As Hip-Hop evolved, however, its rise, in part, was predicated on the important messages it was able to deliver about the state of the world, when the news either refused to cover such matters or did so misleadingly. Grandmaster Flash & The Furious Five’s “The Message” (featuring Melle Mel, who again, also contributed to Macklemore & Ryan Lewis’ “Downtown”) was the embodiment of that transition to substance-oriented Hip-Hop, and is widely-considered the genre’s most important record of all-time.

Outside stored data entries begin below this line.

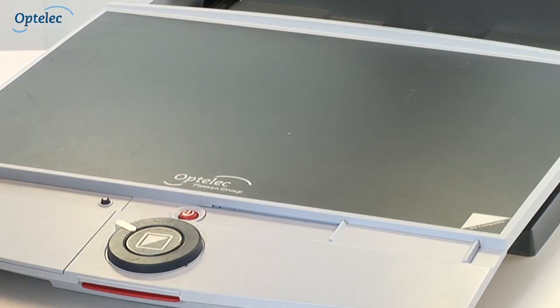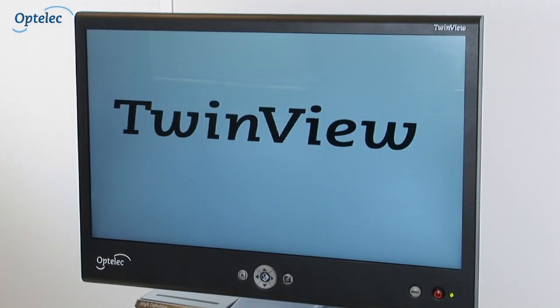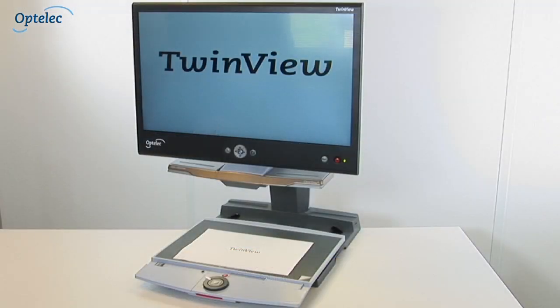If you prefer to use the TwinView in line with your desktop video magnifier — the Optelec ClearView Plus, for example — you can mount the TwinView to the standard monitor arm.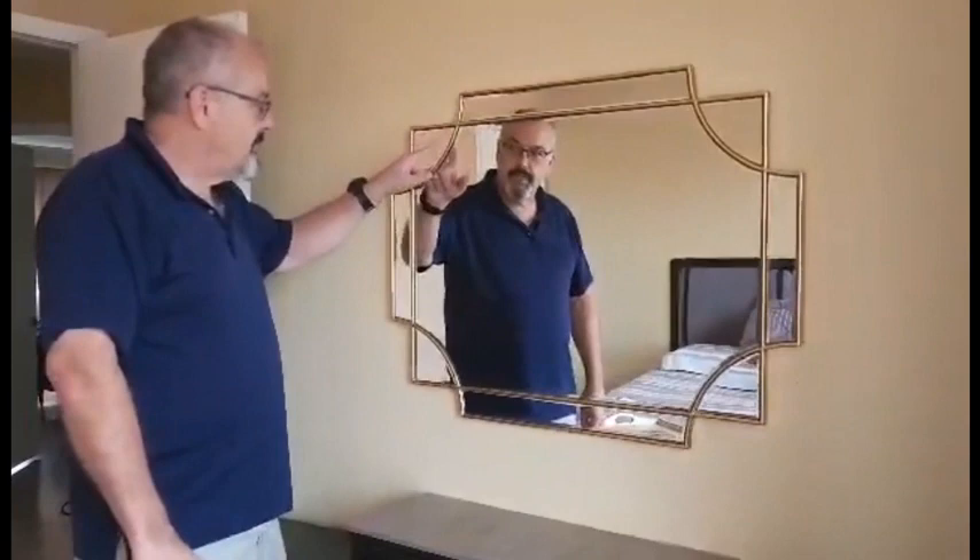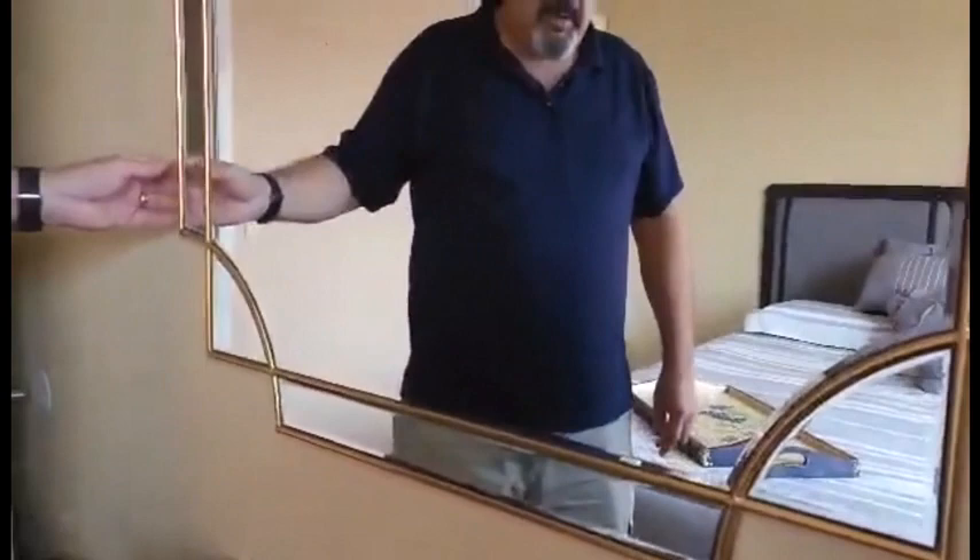Hey everybody, thought we'd give you a quick review on this really nice beveled mirror. This is a nice heavy duty mirror. The glass is beveled on each of these pieces and then it's got a hand applied gold finish all the way around the outside of it.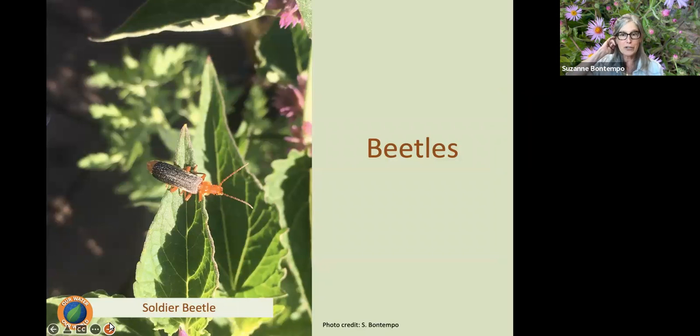Beetles were historically the very first pollinator and they make up the largest group of pollinating animals because there are so many of them. They're responsible for pollinating about 88% of the flowers around the world. They cruise around, eat pollen, and just bring it from flower to flower. The soldier beetle is also a beneficial insect: not only is it eating pollen, it's also going to eat pest insects such as aphids. So you get a double bonus when we have soldier beetles and syrphid flies in the garden.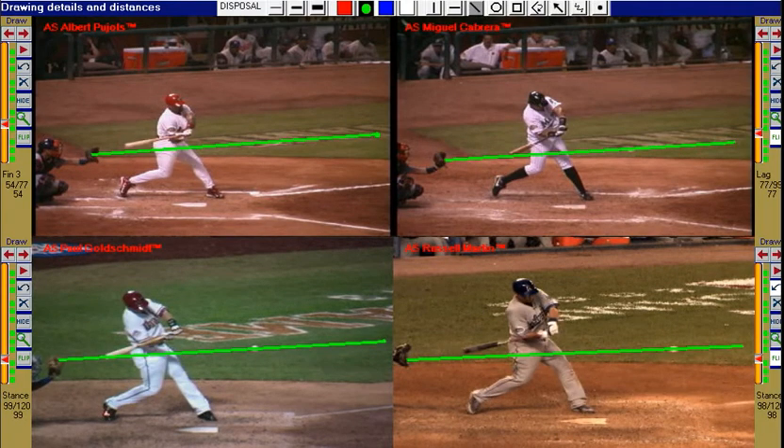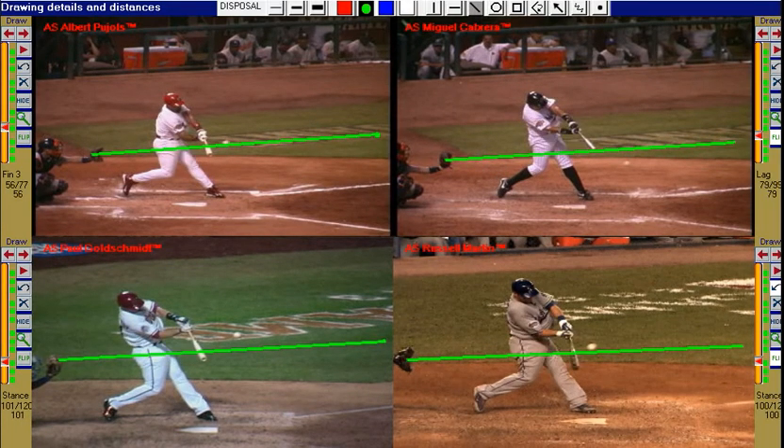They get the barrel on the pitch plane very early, stay on the pitch plane, and swing level or slightly up.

When those 2 underpinnings of Hip-Hop are considered–its pop beginnings and its rise due to its messages–Macklemore and Ryan Lewis are the embodiment of Hip-Hop at its core. Songs like “Thrift Shop,” “Can’t Hold Us” and “Downtown” are feel good music that get the party started, much like “Rapper’s Delight” did all those years ago. On the flip side, songs like “Wings,” “Same Love” and “White Privilege 2” stand with the most well crafted message music of the last decade, addressing issues like the detrimental effects of materialism, homophobia and racism, respectively. If that’s not “real” Hip-Hop, what is?

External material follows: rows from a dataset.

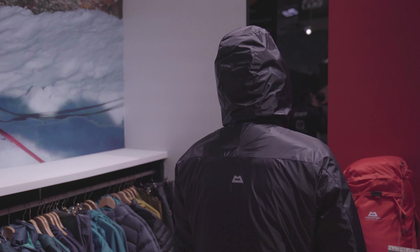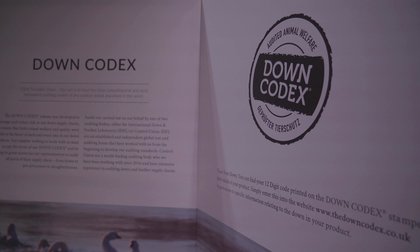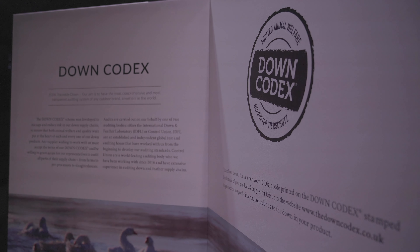The jacket consists of an ultralight 10 denier outer shell, combined with a goose down filling. Like with all of our products, we use a 90 percent 800 fill power Russian goose down. But the really interesting part about this jacket is what you can see on the outside and also what you can't see on the inside.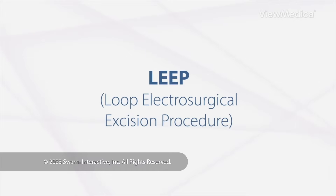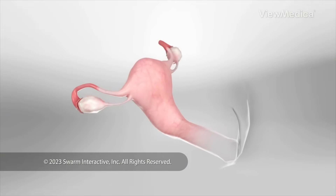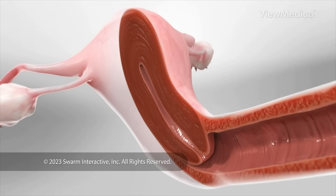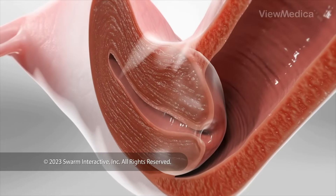LEAP — Loop Electrosurgical Excision Procedure. This procedure removes abnormal tissue from your cervix. Your cervix is the lower part of your womb. LEAP helps us diagnose and treat problems with the cervix.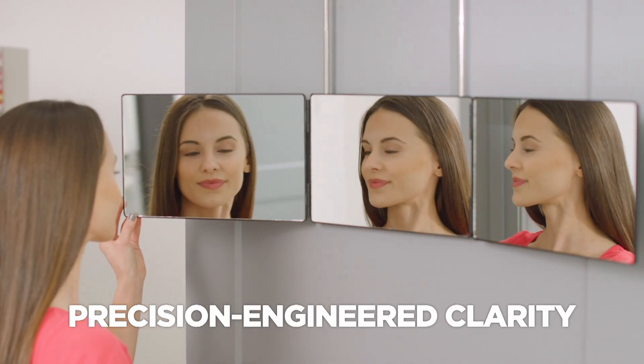Backview's precision-engineered clarity guarantees a crystal-clear reflection. Plus it's the mirror you can walk up to for a close-up view.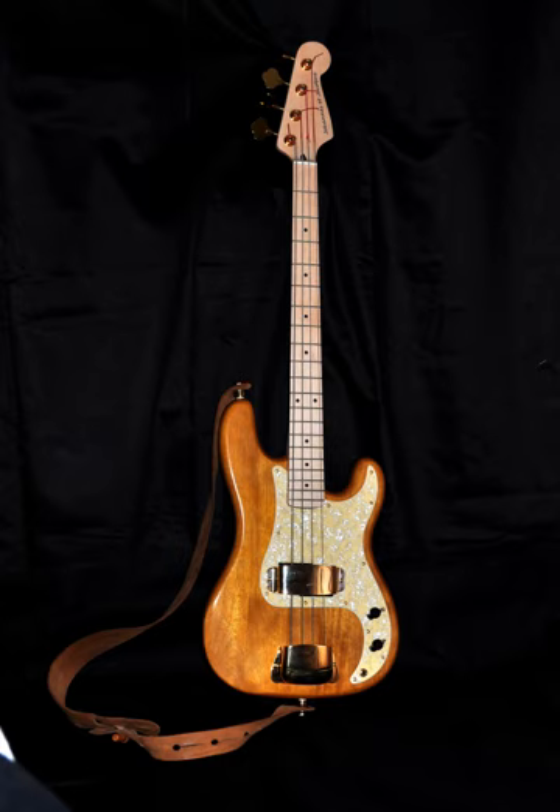Multiple pickups are also quite common, with two of the most common configurations being two J pickups as on the stock Fender Jazz, or a P near the neck and a J near the bridge. A combination of a J or other single-coil pickup at the neck and a Music Man-style humbucker in the bridge has become popular among boutique instrument builders, giving a very bright, focused tone that is good for jazz, funk and thumb style. Some basses, particularly expensive boutique instruments or custom made guitars, use more unusual pickup configurations.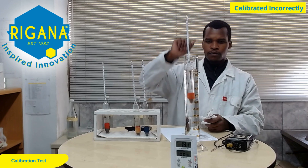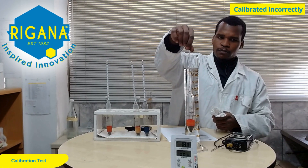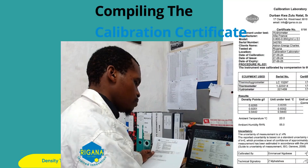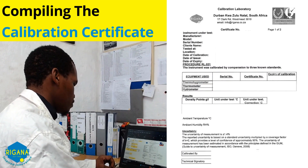Hydrometers that are out of range for the liquid being tested will either float or sink. Once the test is completed, the technician will compile the calibration certificate.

However, if that’s not convincing enough, the duo’s latest song involves two of Rap music’s most sacrosanct icons, KRS-One and DJ Premier. “Buckshot” features a 90s-styled production, complemented by Preemo’s signature scratches and one of KRS’ best verses in years. It is another stake in the ground that shows not only how serious Mack and Ryan are about the culture, but also the respect they’ve earned from its guardians.
Macklemore & Ryan Lewis’ upcoming album, This Unruly Mess I’ve Made, hits stores on February 26.